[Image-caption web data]
----------
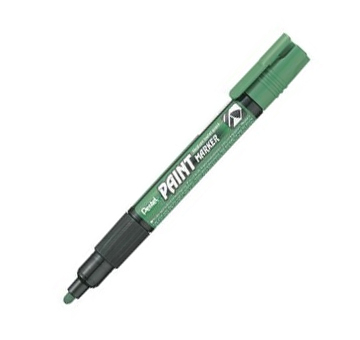 Popisovač PaintMarker MMP20 zelený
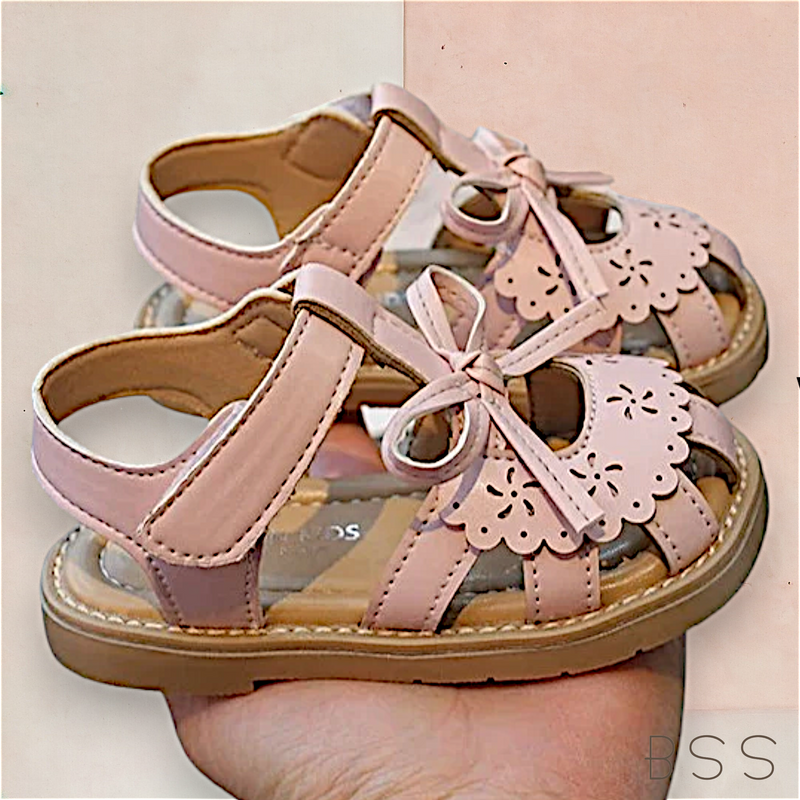 Sandália Infantil Beven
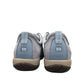 DANSKO PAISLEY BURNISHED SUEDE SKY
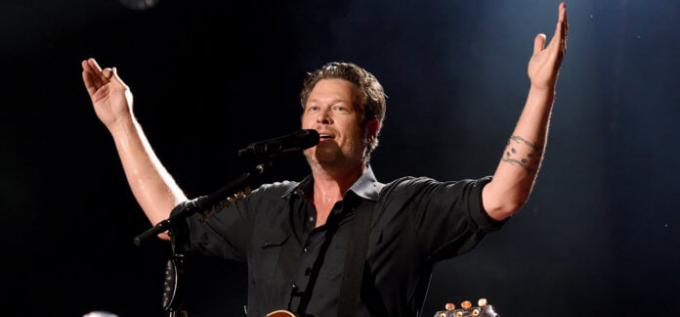 Blake Shelton, Lauren Alaina, The Bellamy Brothers, John Anderson & Trace Adkins at Times Union Center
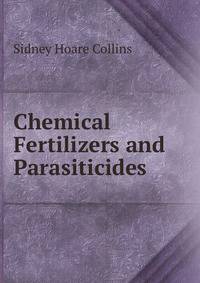 Chemical Fertilizers and Parasiticides
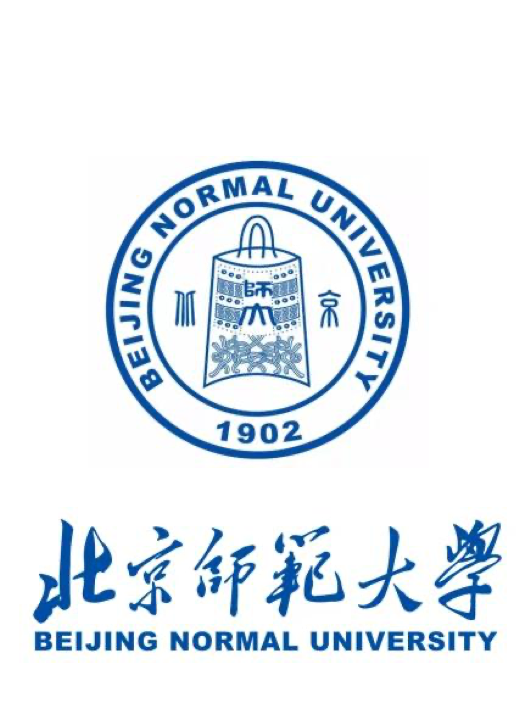 北京师范大学校徽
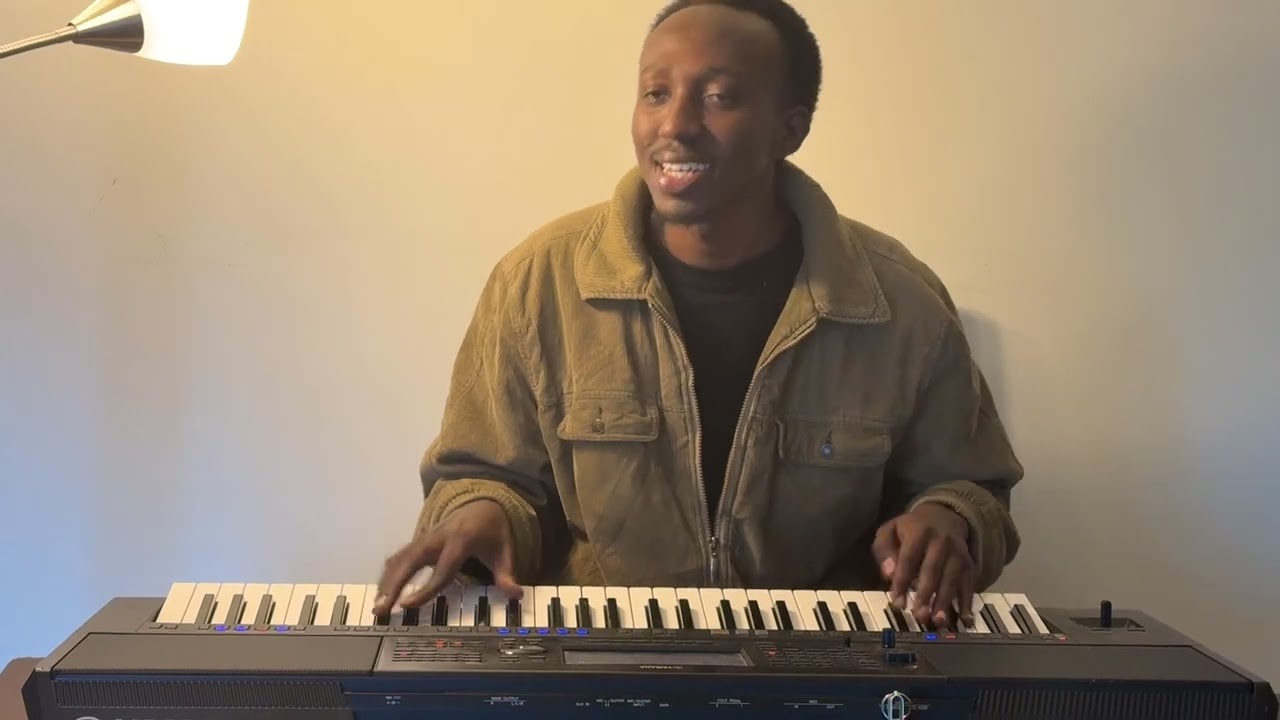 IGISIRIMBA By PIANIST PRINCE New Style 🎹🙇🔥 #Umukunga 2025 🔥🔥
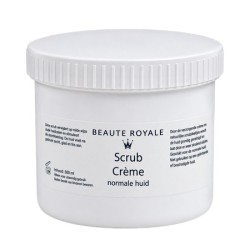 Beauté Royale Scrub Crème 500ml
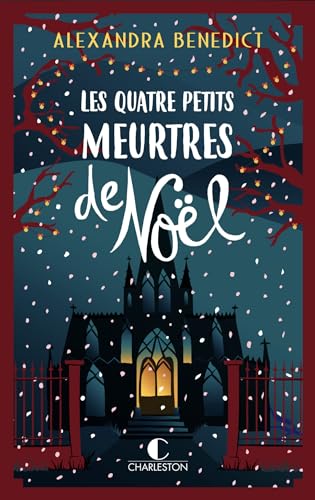 Quatre petits meutres de Noël (Les)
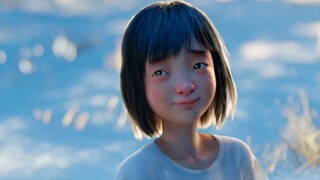 【4K 120fps】Pemandangan terkenal di Nanhe: Eye of the Deep Sea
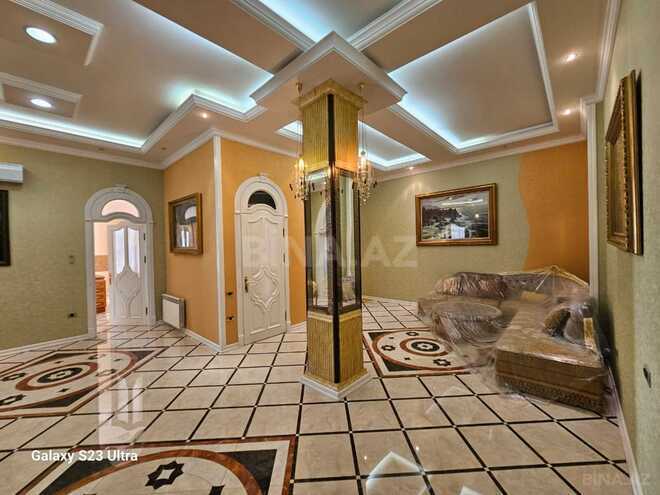 Продаётся 5-комн. новостройка 510 м², м. Сахил, photo 14 from 31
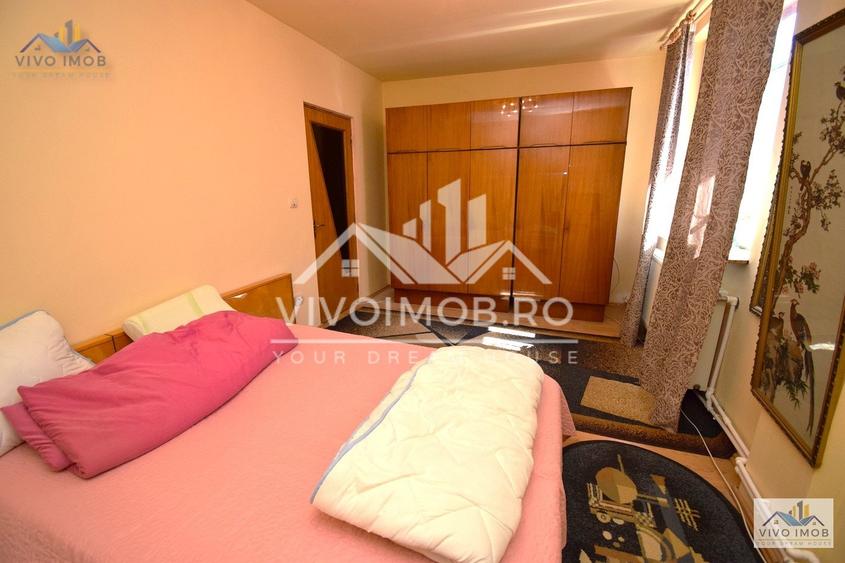 Crângași-Bd Constructorilor | Vilă individuală P+1+M | Teren 510 mp | Centrală - 30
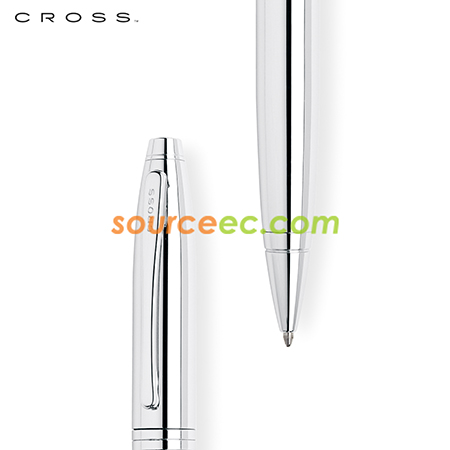 礼品订购Cross 金属笔广告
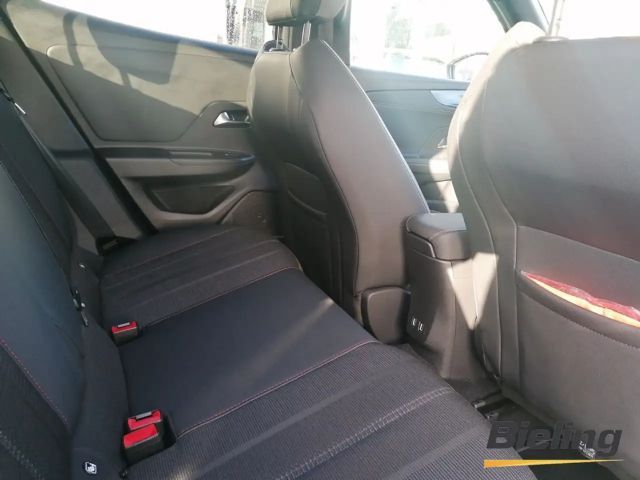 Opel Mokka GS-Line Grand Sport Turbo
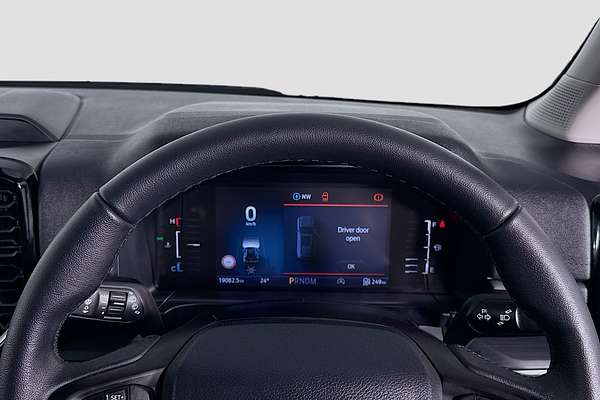 2024 Ford Everest Trend 2.0L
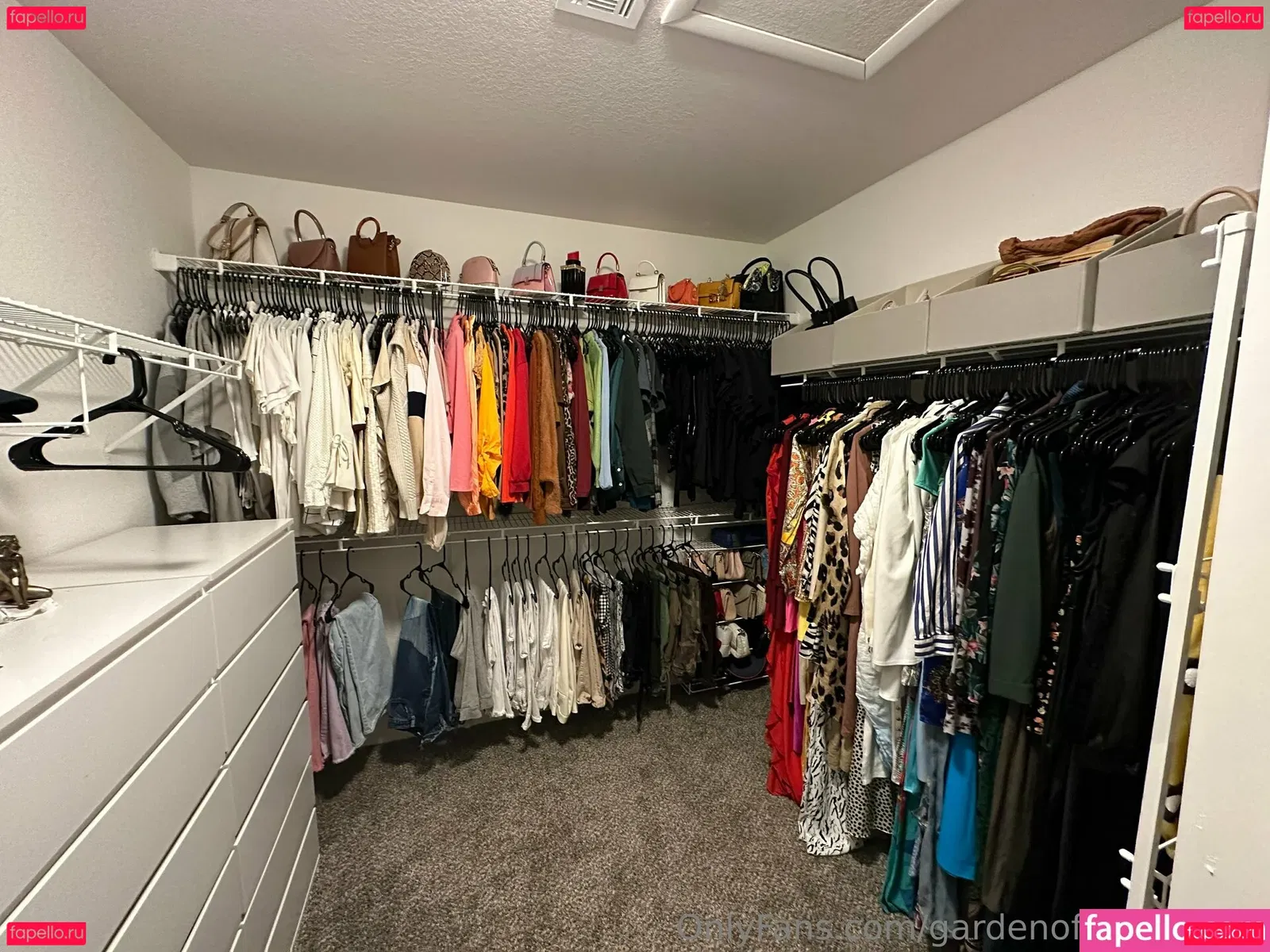 gardenofemmarose Onlyfans Photo Gallery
----------
• [Work instructions] Give back the full data exactly as it reads, but drop the pictures.

• [Response for this exercise]
 Popisovač PaintMarker MMP20 zelený
 Sandália Infantil Beven
 DANSKO PAISLEY BURNISHED SUEDE SKY
 Blake Shelton, Lauren Alaina, The Bellamy Brothers, John Anderson & Trace Adkins at Times Union Center
 Chemical Fertilizers and Parasiticides
 北京师范大学校徽
 IGISIRIMBA By PIANIST PRINCE New Style 🎹🙇🔥 #Umukunga 2025 🔥🔥
 Beauté Royale Scrub Crème 500ml
 Quatre petits meutres de Noël (Les)
 【4K 120fps】Pemandangan terkenal di Nanhe: Eye of the Deep Sea
 Продаётся 5-комн. новостройка 510 м², м. Сахил, photo 14 from 31
 Crângași-Bd Constructorilor | Vilă individuală P+1+M | Teren 510 mp | Centrală - 30
 礼品订购Cross 金属笔广告
 Opel Mokka GS-Line Grand Sport Turbo
 2024 Ford Everest Trend 2.0L
 gardenofemmarose Onlyfans Photo Gallery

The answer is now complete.